The first step in my plan to take over the world is complete. I whipped up a little script that (after much pain) dumped the first five function names (more or less) from all crashes in bugzilla (more or less) into a new table, where I can glean experience and data from them.
The idea long term is that you'd be able to submit a bug and instead of the current time consuming manual stack matching after submission, or a very slow match on the bodies of the 400K comments, at submit time a very quick query on this new table could say 'actually, we think this is a duplicate of bug XXXXX- look familiar?' Less spam for everyone, less work for bugsquad, more accurate data on what things are reported most often.
Short-term there are three things I should do: first is to resurrect and clean up the old simple-dup-finder, which ran on the same principle as this experiment, so worst-case it is no more/less accurate than the old one, and a hell of a lot faster.
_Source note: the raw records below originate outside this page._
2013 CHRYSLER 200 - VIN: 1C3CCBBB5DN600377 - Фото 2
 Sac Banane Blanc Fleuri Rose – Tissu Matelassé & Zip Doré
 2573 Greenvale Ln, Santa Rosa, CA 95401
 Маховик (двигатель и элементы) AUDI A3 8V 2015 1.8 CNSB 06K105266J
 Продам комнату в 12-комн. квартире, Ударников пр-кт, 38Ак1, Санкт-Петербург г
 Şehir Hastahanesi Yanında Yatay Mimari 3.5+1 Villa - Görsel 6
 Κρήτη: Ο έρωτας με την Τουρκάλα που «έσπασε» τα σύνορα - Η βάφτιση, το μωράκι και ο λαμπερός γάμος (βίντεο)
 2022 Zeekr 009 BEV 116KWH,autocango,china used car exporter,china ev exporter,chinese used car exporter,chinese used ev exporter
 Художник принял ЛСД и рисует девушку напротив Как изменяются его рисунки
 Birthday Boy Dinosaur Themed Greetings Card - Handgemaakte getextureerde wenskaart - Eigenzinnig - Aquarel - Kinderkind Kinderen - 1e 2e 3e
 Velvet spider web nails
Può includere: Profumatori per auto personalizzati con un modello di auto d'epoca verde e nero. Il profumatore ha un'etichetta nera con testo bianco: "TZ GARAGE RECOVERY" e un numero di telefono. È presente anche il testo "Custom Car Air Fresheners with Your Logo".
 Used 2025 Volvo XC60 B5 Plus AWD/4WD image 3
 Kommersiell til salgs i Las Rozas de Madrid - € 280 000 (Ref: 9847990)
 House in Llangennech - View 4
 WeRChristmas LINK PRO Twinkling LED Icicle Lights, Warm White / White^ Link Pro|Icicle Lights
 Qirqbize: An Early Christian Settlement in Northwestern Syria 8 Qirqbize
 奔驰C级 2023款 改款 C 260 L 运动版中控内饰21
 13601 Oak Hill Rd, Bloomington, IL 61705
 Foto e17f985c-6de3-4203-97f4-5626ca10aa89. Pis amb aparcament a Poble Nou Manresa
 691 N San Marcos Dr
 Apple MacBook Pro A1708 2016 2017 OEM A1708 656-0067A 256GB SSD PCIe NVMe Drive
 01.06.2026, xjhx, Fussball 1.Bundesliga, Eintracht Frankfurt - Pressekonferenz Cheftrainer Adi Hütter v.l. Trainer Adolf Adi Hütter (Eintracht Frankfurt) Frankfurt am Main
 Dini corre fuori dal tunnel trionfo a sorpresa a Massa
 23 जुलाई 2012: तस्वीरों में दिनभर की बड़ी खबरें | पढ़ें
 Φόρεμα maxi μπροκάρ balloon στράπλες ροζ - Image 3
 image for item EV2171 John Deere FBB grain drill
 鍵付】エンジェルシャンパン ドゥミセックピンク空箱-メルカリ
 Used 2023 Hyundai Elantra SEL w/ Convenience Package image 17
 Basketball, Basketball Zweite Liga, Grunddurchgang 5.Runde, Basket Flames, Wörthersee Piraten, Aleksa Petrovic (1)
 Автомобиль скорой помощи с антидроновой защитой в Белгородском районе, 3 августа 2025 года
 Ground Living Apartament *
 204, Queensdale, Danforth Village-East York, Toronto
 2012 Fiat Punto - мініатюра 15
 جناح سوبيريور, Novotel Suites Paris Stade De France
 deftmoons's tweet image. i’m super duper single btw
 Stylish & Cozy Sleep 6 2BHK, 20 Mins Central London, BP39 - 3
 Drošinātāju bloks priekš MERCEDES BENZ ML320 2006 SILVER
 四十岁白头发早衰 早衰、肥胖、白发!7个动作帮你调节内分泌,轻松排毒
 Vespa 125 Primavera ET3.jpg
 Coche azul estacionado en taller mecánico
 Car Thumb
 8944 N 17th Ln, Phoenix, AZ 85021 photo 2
Second is to figure out exactly how accurate it is- I think I should be able to do some queries that will be pretty revealing of how this auto-matching compares with human matching. Just have to figure out exactly how to do the comparison to get meaningful data. Third is to think about how to make this permanent. I think since it is all in a separate table, the upgrade risk is low- even if the table gets nuked in an upgrade, we could just re-run the script that created the table in the first place. More complex is any UI implications and how they are handled. At least at first these scripts will all live in a separate directory and not interact with the rest of the UI, so for the time being it isn't a big issue. We'll see, of course.